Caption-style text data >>

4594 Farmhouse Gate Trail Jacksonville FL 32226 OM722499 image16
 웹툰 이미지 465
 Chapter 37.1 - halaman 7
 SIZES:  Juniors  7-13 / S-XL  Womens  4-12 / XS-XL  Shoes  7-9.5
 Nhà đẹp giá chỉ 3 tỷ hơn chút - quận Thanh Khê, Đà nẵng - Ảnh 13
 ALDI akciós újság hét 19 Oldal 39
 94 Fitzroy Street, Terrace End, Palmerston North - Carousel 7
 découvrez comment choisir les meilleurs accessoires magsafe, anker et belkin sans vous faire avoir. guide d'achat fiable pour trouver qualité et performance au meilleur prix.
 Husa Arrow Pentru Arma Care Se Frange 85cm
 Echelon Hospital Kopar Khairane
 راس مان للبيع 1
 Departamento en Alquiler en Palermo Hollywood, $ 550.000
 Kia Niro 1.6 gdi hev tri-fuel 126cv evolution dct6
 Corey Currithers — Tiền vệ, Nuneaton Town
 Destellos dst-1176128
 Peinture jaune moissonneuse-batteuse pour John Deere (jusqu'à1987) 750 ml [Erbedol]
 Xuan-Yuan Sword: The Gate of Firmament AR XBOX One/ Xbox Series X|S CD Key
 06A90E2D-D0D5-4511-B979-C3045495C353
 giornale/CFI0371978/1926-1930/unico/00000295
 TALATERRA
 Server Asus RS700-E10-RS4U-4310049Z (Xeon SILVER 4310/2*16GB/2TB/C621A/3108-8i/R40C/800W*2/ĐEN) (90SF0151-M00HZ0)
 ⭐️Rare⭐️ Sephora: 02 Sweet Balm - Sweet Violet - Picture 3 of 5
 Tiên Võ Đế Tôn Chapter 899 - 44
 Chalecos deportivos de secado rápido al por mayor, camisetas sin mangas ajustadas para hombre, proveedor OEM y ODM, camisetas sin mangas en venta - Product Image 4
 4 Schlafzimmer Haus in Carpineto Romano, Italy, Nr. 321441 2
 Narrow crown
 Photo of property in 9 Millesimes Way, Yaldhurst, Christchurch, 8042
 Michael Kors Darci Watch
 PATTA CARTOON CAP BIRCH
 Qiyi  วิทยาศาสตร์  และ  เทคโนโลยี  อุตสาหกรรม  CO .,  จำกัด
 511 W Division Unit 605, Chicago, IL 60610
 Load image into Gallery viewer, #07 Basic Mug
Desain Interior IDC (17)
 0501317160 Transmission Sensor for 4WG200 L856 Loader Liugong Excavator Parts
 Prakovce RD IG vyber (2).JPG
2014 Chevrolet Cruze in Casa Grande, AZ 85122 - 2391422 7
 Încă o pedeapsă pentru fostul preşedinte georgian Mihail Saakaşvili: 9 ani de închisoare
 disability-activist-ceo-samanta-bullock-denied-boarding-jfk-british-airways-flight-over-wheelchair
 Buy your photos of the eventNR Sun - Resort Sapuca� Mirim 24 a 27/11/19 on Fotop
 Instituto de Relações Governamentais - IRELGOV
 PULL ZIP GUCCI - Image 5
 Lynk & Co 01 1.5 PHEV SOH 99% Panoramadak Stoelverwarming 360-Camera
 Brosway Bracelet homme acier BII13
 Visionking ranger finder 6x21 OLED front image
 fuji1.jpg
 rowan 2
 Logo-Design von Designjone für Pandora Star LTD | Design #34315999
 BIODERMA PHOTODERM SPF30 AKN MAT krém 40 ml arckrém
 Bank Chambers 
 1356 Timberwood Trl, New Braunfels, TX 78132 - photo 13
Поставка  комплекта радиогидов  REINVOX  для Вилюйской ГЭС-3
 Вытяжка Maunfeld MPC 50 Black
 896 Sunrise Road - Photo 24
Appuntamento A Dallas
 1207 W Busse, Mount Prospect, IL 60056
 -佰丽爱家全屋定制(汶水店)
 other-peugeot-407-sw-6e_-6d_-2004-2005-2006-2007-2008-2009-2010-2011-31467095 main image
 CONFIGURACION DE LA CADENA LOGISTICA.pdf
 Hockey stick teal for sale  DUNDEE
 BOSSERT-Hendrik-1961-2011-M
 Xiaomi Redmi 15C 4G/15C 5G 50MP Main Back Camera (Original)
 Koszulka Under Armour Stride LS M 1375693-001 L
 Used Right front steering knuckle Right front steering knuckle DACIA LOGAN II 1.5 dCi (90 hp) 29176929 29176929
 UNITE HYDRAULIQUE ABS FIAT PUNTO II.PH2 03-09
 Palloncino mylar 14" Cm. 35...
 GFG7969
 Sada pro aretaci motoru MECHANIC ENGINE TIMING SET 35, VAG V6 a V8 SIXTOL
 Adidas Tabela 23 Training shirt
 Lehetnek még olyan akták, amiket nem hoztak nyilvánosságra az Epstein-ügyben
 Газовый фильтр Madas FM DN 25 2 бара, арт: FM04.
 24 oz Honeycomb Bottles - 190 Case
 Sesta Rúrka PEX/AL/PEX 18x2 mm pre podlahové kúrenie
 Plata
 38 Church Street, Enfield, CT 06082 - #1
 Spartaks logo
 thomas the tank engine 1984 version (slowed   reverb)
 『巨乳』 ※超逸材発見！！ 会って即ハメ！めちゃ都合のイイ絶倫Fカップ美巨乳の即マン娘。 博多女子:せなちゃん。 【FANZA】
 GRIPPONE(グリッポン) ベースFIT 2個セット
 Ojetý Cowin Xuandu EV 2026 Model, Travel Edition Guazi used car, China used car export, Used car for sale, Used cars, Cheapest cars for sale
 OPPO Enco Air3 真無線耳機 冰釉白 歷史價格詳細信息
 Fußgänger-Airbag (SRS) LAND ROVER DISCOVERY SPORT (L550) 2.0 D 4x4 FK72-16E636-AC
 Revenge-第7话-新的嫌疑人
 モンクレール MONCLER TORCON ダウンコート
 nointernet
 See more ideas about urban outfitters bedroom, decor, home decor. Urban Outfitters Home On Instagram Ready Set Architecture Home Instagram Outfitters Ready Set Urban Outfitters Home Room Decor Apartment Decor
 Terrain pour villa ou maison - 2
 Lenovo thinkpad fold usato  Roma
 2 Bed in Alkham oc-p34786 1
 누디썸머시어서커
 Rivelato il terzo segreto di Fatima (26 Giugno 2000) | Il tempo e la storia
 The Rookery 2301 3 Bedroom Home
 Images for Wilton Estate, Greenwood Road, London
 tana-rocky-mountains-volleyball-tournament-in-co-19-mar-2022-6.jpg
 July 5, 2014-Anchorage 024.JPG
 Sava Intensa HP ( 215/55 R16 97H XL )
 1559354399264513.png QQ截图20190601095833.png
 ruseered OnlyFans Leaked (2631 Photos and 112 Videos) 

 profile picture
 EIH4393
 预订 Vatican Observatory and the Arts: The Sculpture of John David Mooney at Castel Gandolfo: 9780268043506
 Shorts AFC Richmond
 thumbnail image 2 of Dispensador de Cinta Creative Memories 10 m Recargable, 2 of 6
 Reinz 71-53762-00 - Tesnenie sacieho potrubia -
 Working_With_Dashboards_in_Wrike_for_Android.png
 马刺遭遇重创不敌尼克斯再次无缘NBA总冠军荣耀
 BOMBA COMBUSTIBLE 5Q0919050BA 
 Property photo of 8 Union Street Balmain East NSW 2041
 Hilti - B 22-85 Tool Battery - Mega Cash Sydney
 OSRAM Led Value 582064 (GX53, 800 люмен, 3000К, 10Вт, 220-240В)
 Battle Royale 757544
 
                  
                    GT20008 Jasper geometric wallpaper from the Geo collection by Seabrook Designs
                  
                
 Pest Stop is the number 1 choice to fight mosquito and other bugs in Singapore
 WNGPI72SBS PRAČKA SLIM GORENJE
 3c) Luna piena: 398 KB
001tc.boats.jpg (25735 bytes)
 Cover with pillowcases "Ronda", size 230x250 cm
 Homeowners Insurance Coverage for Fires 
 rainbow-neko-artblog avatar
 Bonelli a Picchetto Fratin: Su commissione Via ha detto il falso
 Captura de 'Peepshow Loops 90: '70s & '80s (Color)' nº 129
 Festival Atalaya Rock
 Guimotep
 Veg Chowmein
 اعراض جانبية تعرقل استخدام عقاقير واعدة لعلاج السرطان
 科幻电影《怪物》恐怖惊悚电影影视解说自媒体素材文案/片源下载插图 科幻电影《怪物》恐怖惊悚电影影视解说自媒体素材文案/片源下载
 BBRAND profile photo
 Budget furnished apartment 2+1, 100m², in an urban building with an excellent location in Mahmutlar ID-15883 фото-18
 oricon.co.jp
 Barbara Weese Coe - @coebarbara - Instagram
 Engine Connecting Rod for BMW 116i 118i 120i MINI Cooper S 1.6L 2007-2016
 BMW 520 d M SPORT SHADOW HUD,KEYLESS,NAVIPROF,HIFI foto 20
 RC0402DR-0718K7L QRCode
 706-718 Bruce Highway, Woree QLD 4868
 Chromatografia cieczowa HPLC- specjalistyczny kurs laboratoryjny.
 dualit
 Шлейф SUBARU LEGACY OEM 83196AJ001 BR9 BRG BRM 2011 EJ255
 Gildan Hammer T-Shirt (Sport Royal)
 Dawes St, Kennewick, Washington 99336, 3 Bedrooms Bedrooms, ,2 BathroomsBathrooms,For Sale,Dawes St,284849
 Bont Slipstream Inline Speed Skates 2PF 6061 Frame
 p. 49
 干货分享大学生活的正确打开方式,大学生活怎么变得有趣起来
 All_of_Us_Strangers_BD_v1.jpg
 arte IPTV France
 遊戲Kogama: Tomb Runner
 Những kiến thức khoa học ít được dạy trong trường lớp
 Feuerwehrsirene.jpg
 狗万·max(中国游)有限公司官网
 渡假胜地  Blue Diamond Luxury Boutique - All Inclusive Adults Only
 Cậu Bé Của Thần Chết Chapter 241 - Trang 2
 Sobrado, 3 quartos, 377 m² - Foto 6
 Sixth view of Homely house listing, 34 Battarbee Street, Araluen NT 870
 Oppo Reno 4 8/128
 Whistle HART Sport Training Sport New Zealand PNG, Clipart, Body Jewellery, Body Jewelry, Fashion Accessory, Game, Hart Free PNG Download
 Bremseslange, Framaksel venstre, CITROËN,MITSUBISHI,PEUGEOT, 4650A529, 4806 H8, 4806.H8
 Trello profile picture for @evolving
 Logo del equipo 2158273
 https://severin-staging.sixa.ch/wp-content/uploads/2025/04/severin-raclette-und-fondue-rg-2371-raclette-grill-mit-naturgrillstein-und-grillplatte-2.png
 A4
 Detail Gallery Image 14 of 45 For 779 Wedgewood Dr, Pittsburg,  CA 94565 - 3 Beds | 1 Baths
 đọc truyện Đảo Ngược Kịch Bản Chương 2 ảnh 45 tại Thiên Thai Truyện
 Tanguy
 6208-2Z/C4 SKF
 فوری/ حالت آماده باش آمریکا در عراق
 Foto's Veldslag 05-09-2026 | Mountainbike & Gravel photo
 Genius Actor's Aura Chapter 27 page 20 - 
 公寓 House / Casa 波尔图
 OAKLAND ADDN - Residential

Task item >> Find the line with "24 oz Honeycomb Bottles - 190 Case" in the entries above. Retype it and each line after it, exactly, through the line with "会って即ハメ！めちゃ都合のイイ絶倫Fカップ美巨乳の即マン娘。 博多女子:せなちゃん。 【FANZA】", and stop there.

Response box >>
 24 oz Honeycomb Bottles - 190 Case
 Sesta Rúrka PEX/AL/PEX 18x2 mm pre podlahové kúrenie
 Plata
 38 Church Street, Enfield, CT 06082 - #1
 Spartaks logo
 thomas the tank engine 1984 version (slowed   reverb)
 『巨乳』 ※超逸材発見！！ 会って即ハメ！めちゃ都合のイイ絶倫Fカップ美巨乳の即マン娘。 博多女子:せなちゃん。 【FANZA】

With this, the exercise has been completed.